'Dry January' is the new 'Movember' if a Guardian report that a quarter of Britons give up alcohol for January is to be believed. It cites a poll of nearly 2,000 people - although fewer than half attempting a Dry January thought they would last the month, and one in six said they had already broken their pledge. Saving money trumped health benefits as the main reason for those planning a dry month.
Nonetheless, Alcohol Concern's Dry January site reports 17,156 people officially taking part in their 2014 Dry January challenge, a significant uplift on last year's 4,306. The site is still open for late joiners to sign up, as it appears is Cancer Research UK's Dryathlon challenge which recently reported over 50,000 pledgers on the Dryalthlon Facebook page.
Most people aiming for a month off are unlikely to have signed up to an official campaign or sponsored attempt, so the numbers will undoubtedly be higher. Many will feel their body deserves a 'detox' after a boozey festive period, or time for their wallet to recover. As you'll have no doubt noticed, it also seems a particularly popular January pastime for journalists who can then regale us their temperance feats or failings.
Many people however may be understandably apprehensive about an attempt to give up drinking for a month, particularly if they are worried about having a level of dependency. It's not only AA'ers that like the "day at a time" approach. The campaigns have however actively promoted Dry January as something any 'normal' drinker can participate in and still feel benefits, rather than for those worried about a loss of control. Others though may also feel apprehensive about social pressures as non-drinkers, who often report getting a hard time from those imbibing.

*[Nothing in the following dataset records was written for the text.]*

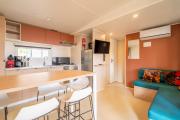 Mobilhome au Camping La Yole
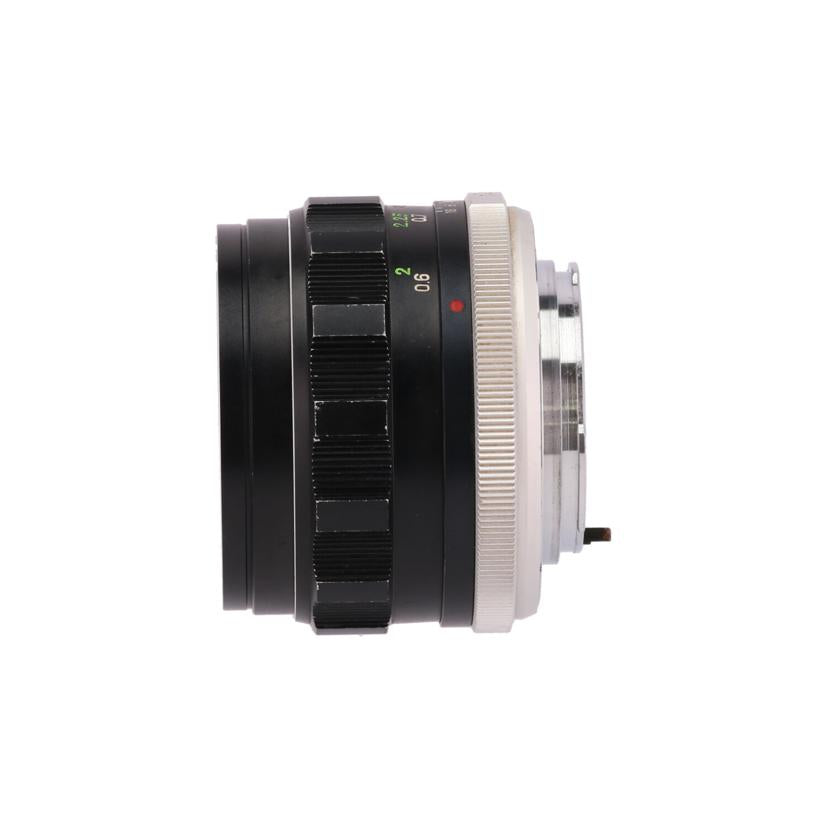 ＭＩＮＯＬＴＡ ミノルタ/交換レンズ／５８ｍｍ/MC ROKKOR-PF 58mm F1.4//5640602/Cランク/84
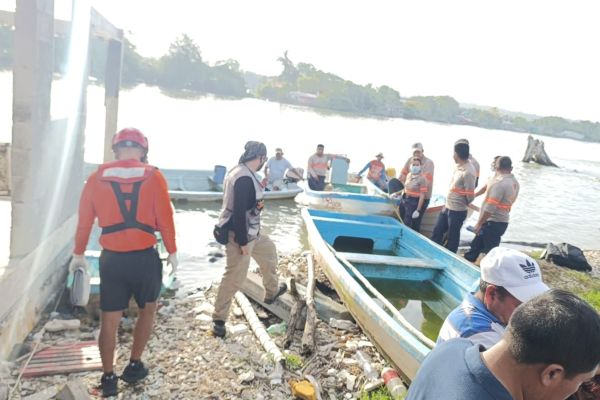 Localizan el cuerpo de Kate tras intensa búsqueda en el río Pánuco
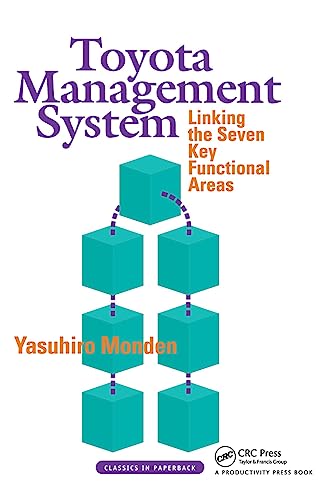 Toyota Management System (Classics in Paperback)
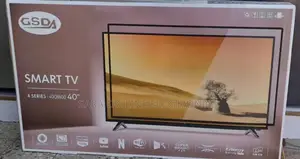 GSDA 40" Smart TV – Full HD Android TV (19,500 ETB)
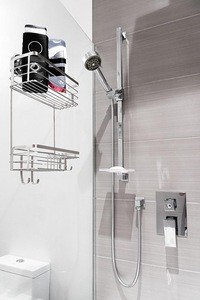 High Quality Wall Mounted Bathroom Shelf Stainless Steel Shower Shelf For Shower Caddy
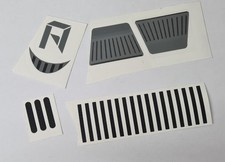 Full Set of Screen accurate Helmet Decals for Scout Trooper Helmet - from UK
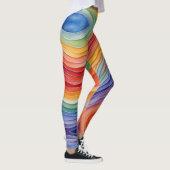 Leggings Couleurs de l'arc-en-ciel (Droite)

Indeed the merits of 'Dry January' from an individual and policy perspective are much debated. The British Liver Trust's Andrew Langford has consistently opposed the Dry January approach. Launching the Trust's second Love Your Liver awareness campaign, Langford warned against the appeal of a "quick fix in January" and instead called on people to follow a 3 step liver plan including two or three alcohol free days in every week of the year. The 'Dry January warning message' has even made its way into several news reports.

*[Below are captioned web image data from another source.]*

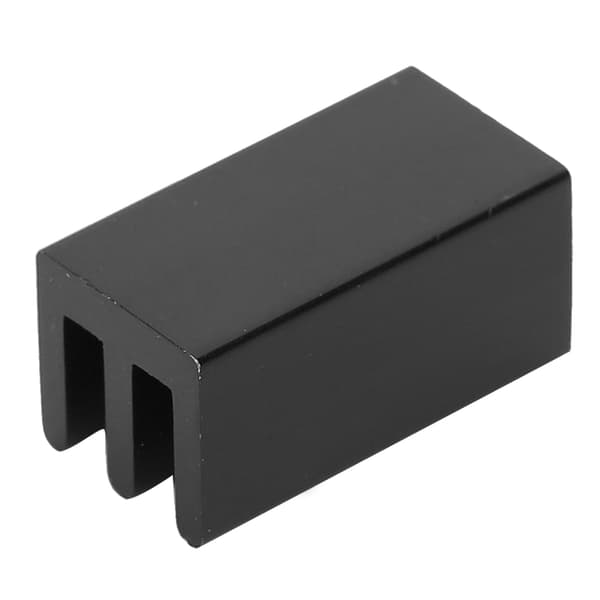40 st kylflänsar i aluminium för PCB-chip 8,5x8x16mm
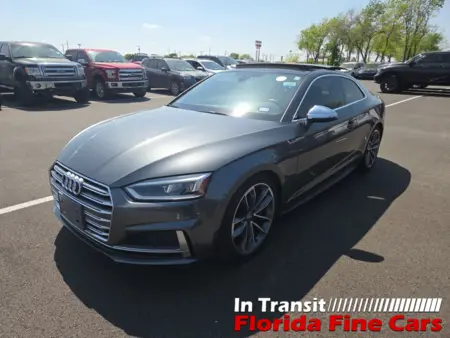 Florida Fine Cars - Used AUDI S5 2018 MARGATE PREMIUM PLUS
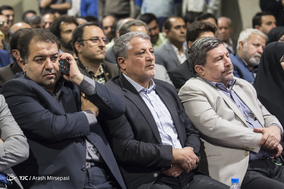 آیین بهره برداری از تونل آرش - بزرگراه آیت الله هاشمی رفسنجانی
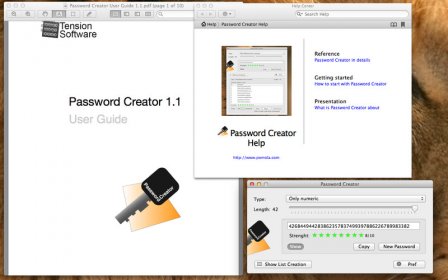 Password Creator screenshot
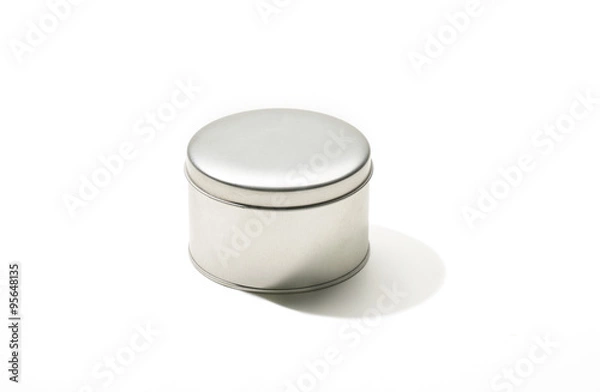 Obraz Aluminium round box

However a New Scientist study has reported promising results in an admittedly very small study of 'normal drinkers' who took time off. The results showed stopping drinking for five weeks reduced liver fat, cholesterol and blood sugar, and helped lose weight. However less social contact was a negative outcome, and other improvements such as sleep, concentration and performance were only based on self-report. Dr Nick Sheron at the University of Southampton said the results were "hugely encouraging", but emphasised liver disease can develop over the course of 30 years, so a short period of abstinence needs to translate into long-term behaviour change.
Dry January or not, abstinence and indeed moderation goals form a part of many 'normal' drinker's lives. Changing life events inevitably alter drinking opportunities and influences, often forcing or nudging a change in consumption. For those contemplating a possible problem, abstinence may be a valuable litmus test. For those mulling a hangover, at least a short period of abstinence seems entirely desirable. Dry January as such won't appeal to everyone, but discussing the merits of a period of abstinence surely gets more people thinking.